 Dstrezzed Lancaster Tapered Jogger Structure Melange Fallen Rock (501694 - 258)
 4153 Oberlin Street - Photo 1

==

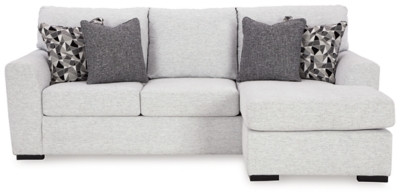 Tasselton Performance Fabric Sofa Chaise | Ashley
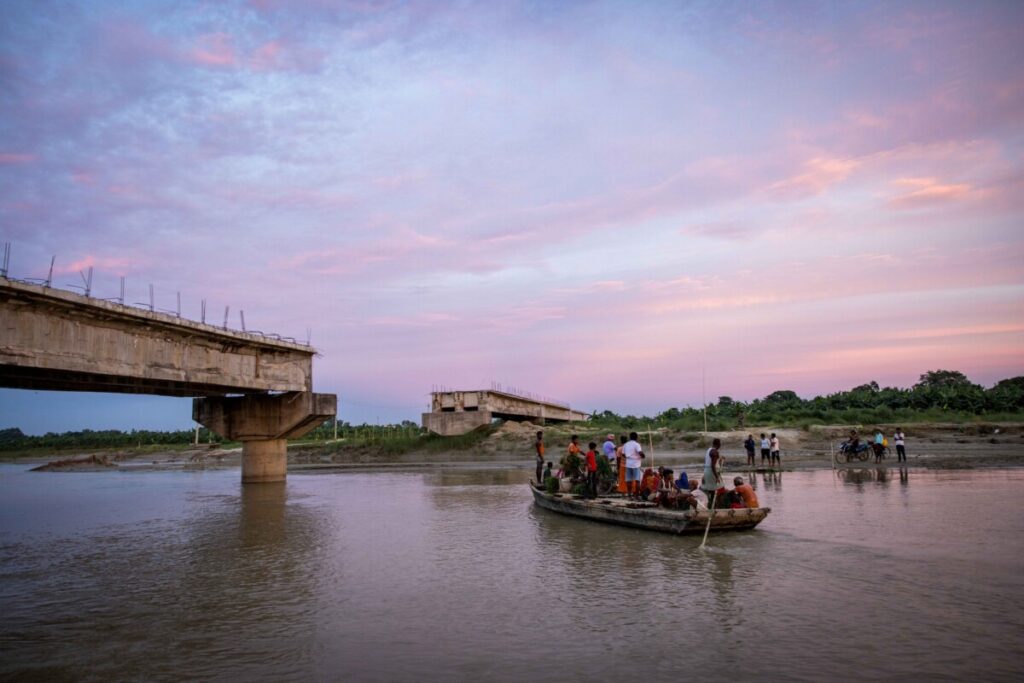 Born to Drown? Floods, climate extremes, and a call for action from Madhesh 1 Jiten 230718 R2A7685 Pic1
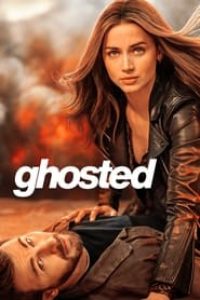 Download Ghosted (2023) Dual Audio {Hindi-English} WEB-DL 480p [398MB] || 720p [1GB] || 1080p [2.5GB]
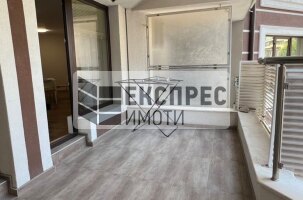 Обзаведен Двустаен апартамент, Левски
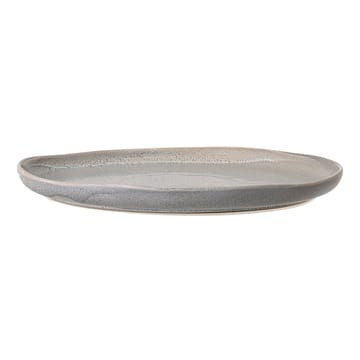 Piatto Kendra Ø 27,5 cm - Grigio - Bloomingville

* * *

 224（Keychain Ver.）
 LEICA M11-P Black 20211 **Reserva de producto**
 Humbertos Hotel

§ **PROBLEM TO WORK ON**
Output exactly, and only, the lines of the entries above from the one with "Обзаведен Двустаен апартамент, Левски" up to and including the one with "Piatto Kendra Ø"; pictures are to be left out.

§ **TASK ANSWER**
 Обзаведен Двустаен апартамент, Левски
 Piatto Kendra Ø 27,5 cm - Grigio - Bloomingville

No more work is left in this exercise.